Short text fragments from websites:
────────────────────
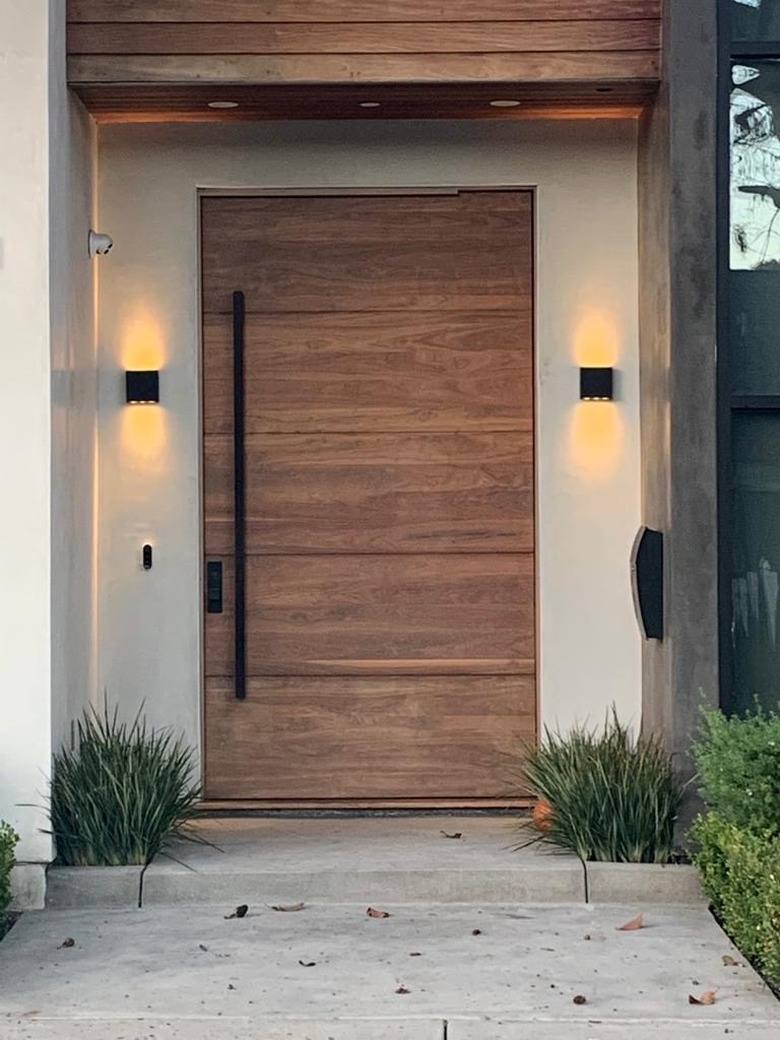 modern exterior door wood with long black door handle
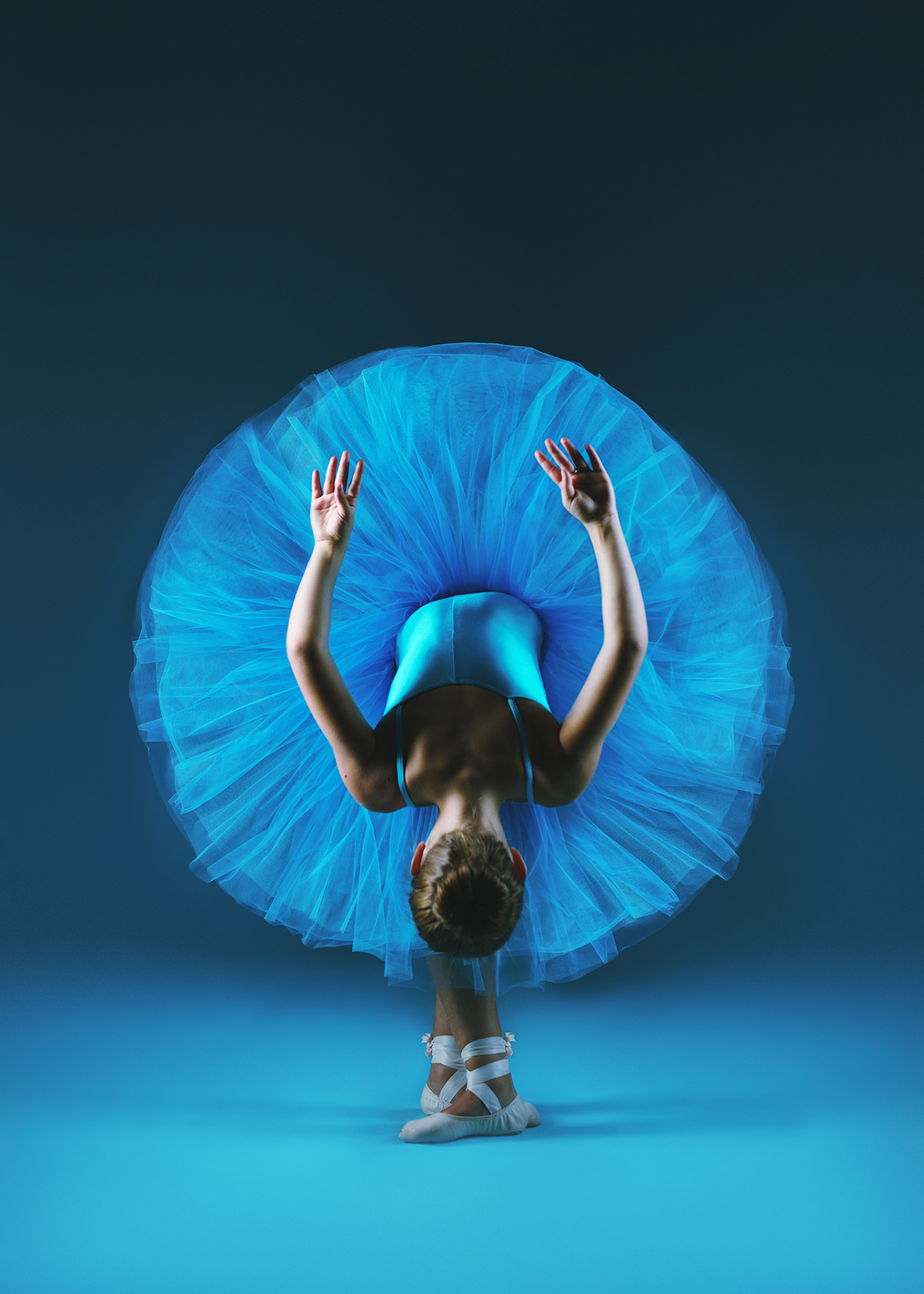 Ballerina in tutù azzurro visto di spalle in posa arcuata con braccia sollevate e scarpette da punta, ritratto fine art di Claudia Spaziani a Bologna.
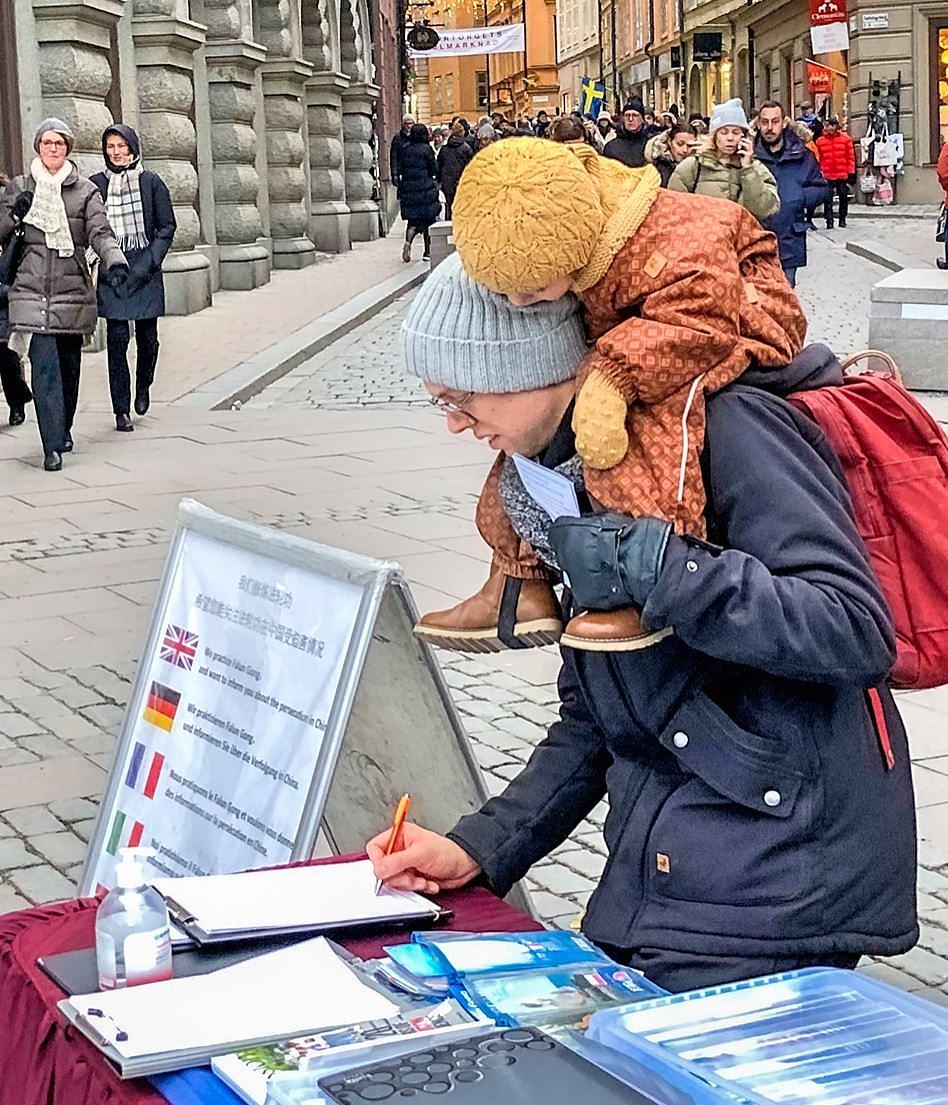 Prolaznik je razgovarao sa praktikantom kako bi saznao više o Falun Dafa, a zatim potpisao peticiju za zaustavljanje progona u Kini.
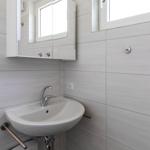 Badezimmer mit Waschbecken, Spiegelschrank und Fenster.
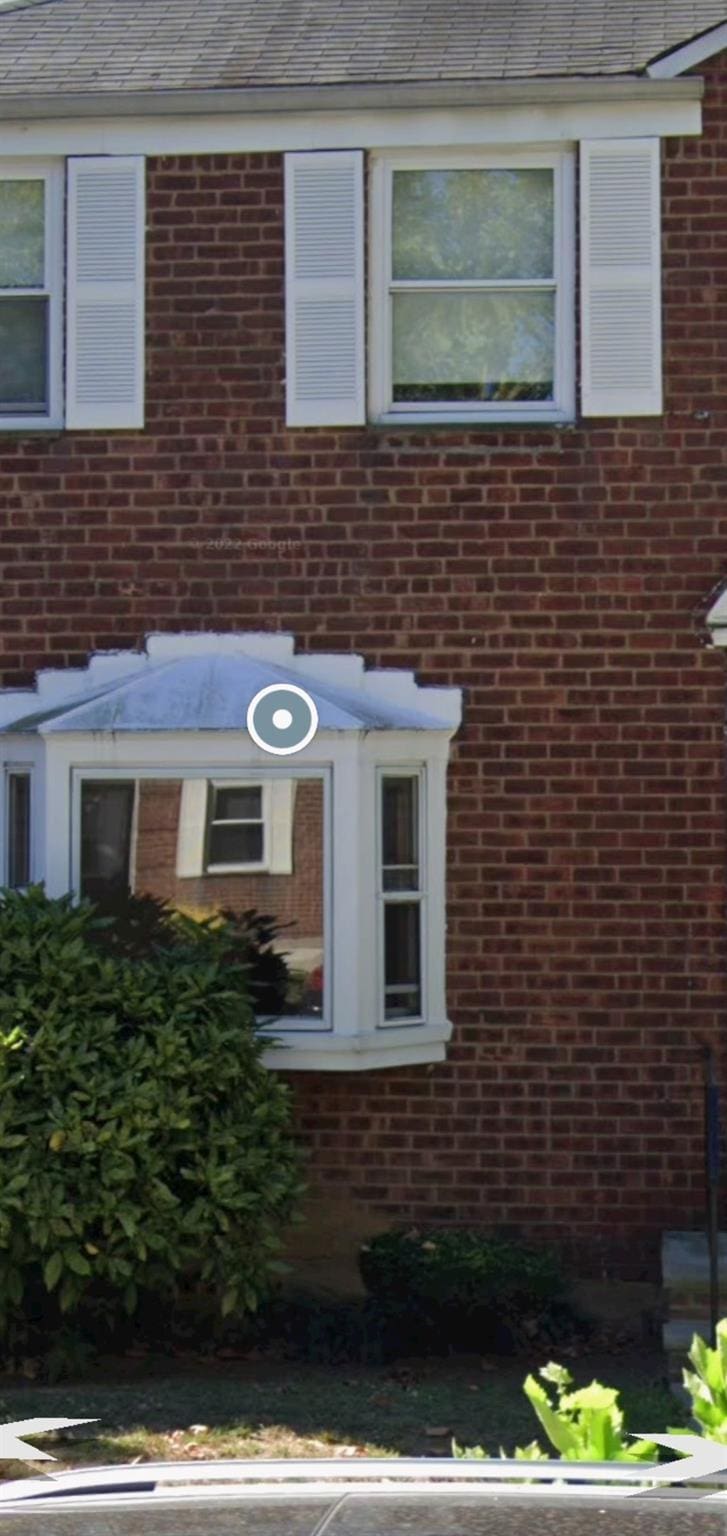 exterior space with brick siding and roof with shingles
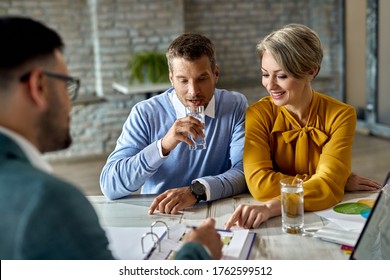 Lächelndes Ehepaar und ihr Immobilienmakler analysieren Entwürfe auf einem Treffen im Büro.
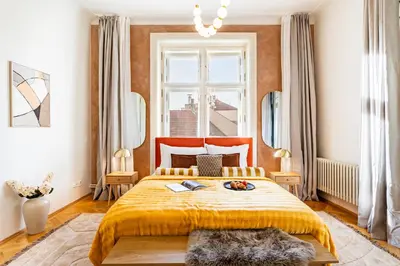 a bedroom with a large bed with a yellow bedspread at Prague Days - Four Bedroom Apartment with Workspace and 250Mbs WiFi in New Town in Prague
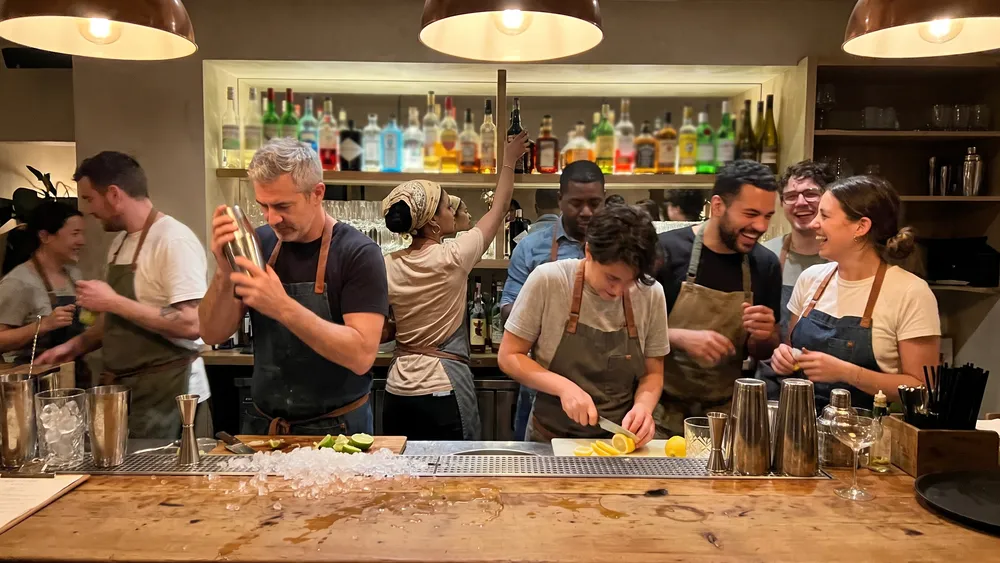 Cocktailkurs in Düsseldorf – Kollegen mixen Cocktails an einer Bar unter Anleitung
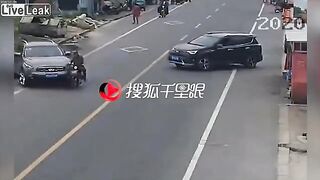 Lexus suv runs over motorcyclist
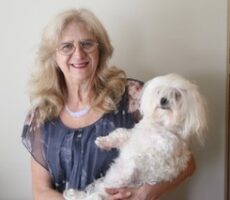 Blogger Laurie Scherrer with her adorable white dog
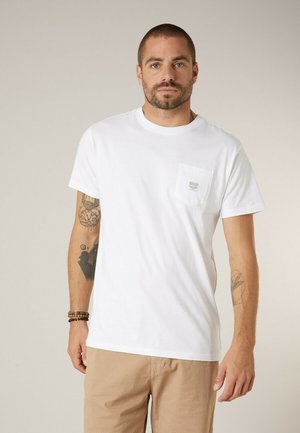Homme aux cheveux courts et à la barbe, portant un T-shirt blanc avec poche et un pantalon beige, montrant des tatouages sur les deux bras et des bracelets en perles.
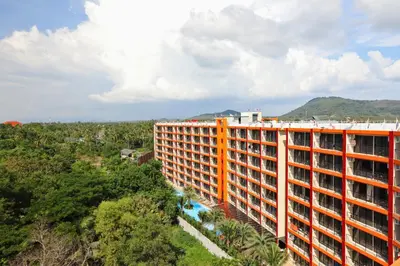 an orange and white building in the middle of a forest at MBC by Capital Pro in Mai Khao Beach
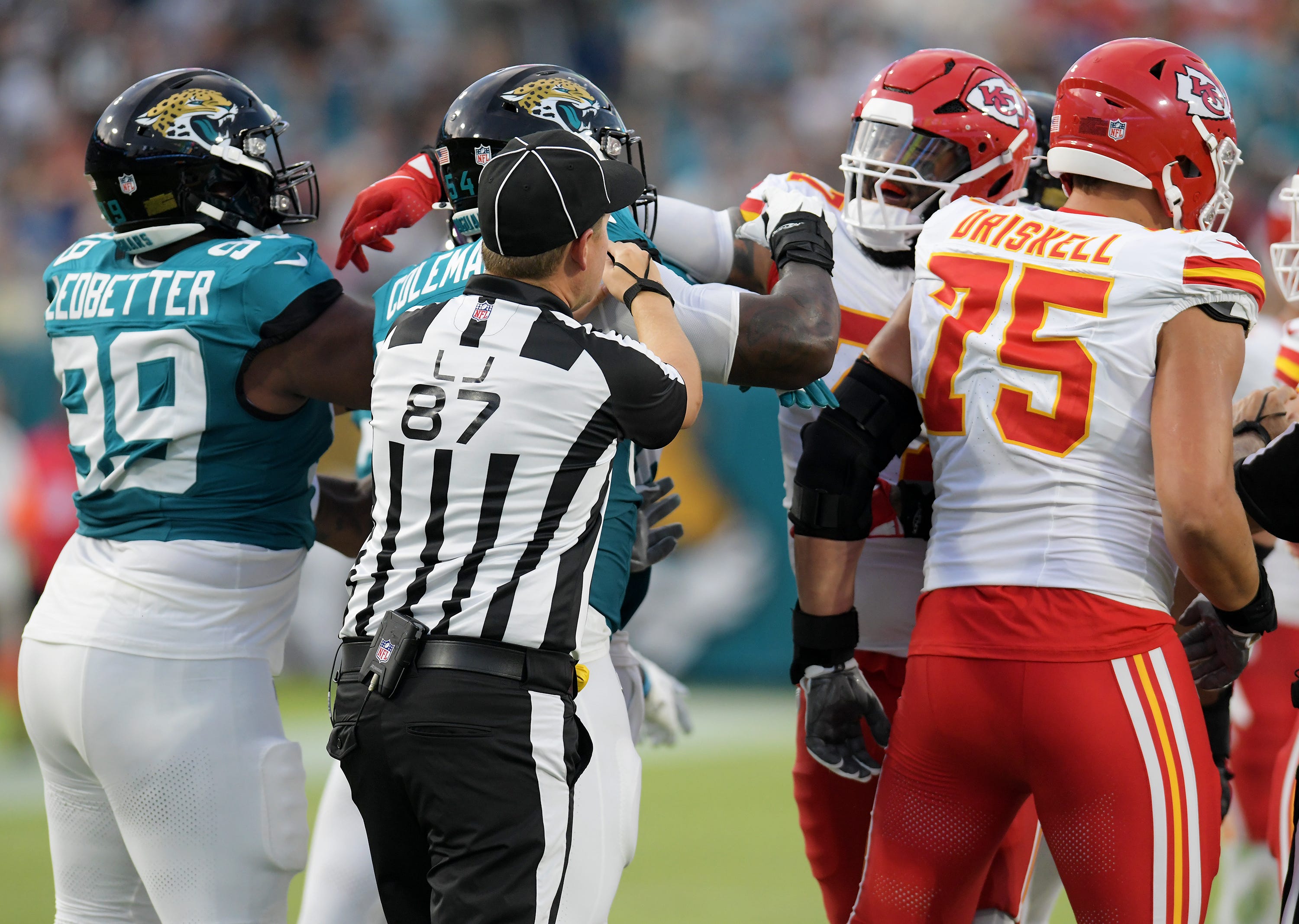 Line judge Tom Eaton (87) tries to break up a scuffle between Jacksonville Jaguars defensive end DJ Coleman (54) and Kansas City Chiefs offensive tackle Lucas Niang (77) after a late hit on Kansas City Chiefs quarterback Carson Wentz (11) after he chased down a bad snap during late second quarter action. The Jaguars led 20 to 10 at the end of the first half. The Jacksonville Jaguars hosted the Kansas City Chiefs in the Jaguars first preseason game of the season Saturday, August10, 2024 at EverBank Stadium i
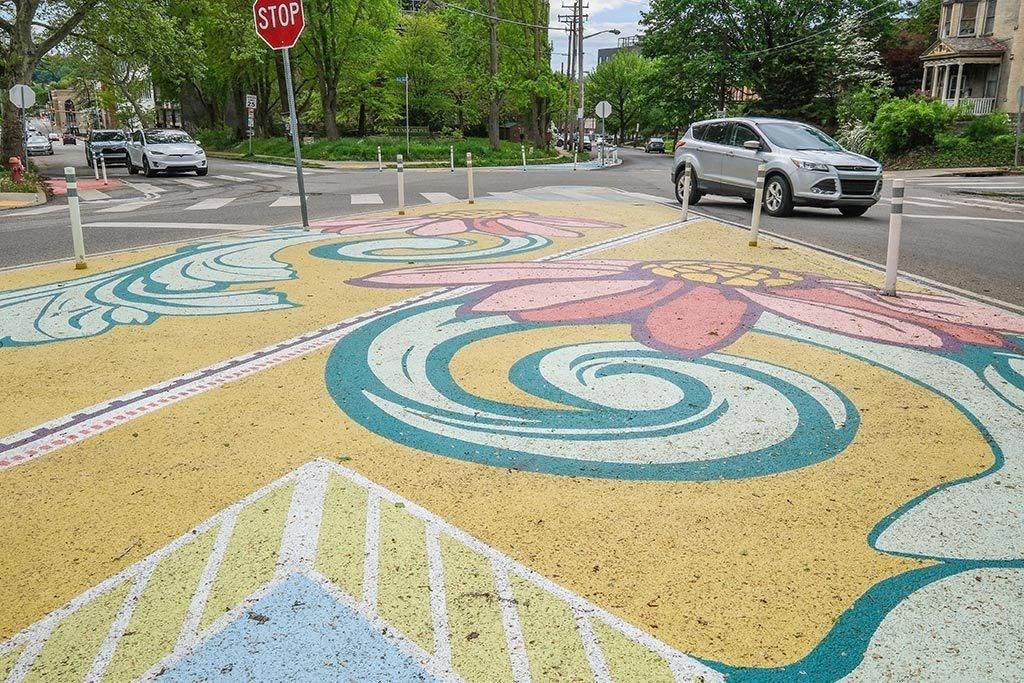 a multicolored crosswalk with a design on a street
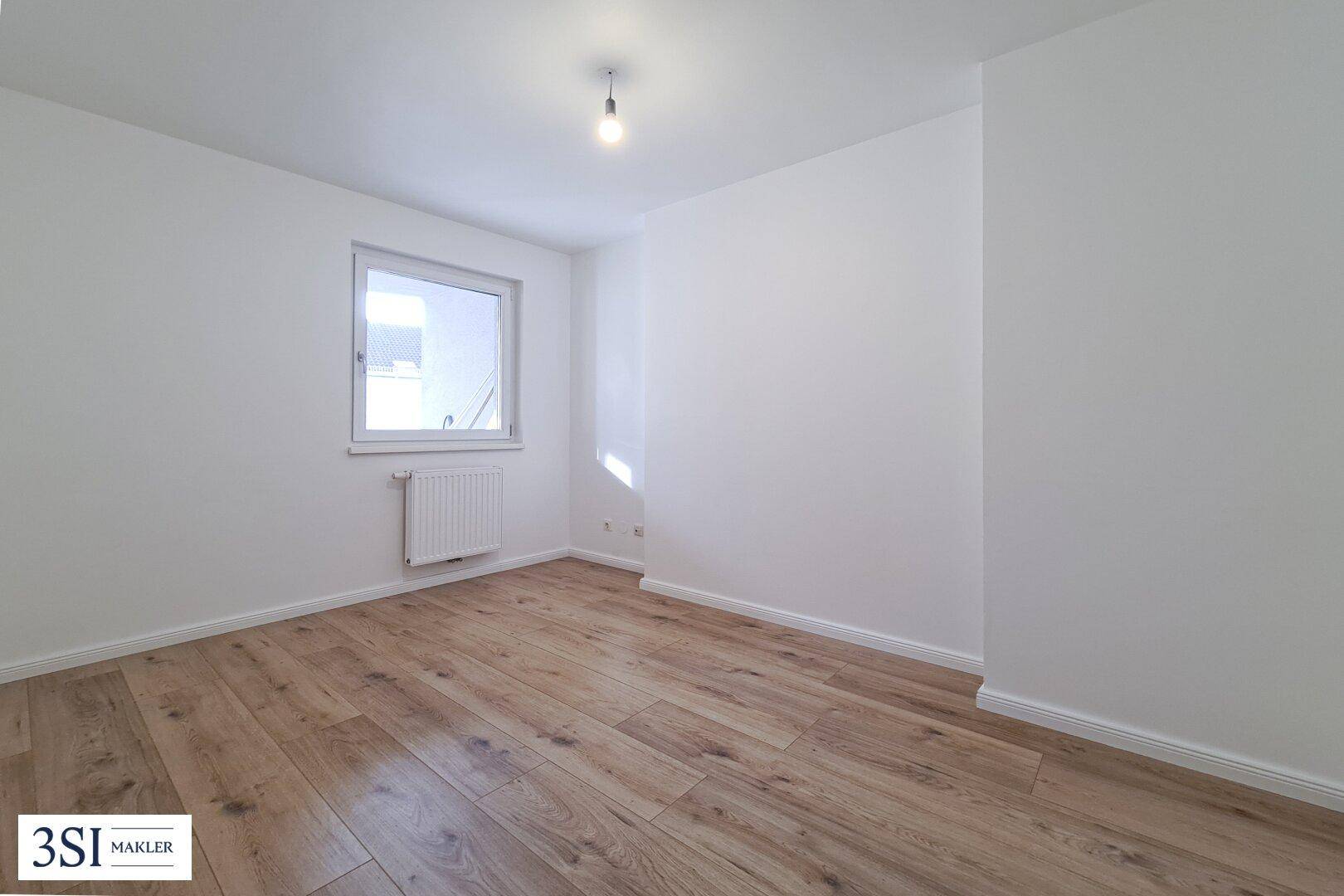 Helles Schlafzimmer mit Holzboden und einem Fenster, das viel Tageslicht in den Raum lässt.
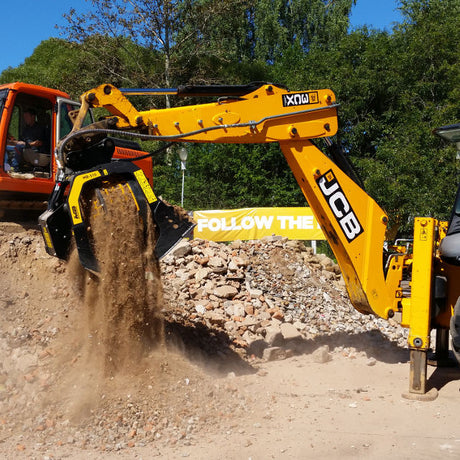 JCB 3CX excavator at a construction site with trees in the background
────────────────────
**ABOUT THIS TASK:** Output exactly those lines of the data above that run from the line with "Homme aux cheveux" up to and including the line with "an orange and". No pictures go in.

**RESULT FOR THIS TASK:**
Homme aux cheveux courts et à la barbe, portant un T-shirt blanc avec poche et un pantalon beige, montrant des tatouages sur les deux bras et des bracelets en perles.
 an orange and white building in the middle of a forest at MBC by Capital Pro in Mai Khao Beach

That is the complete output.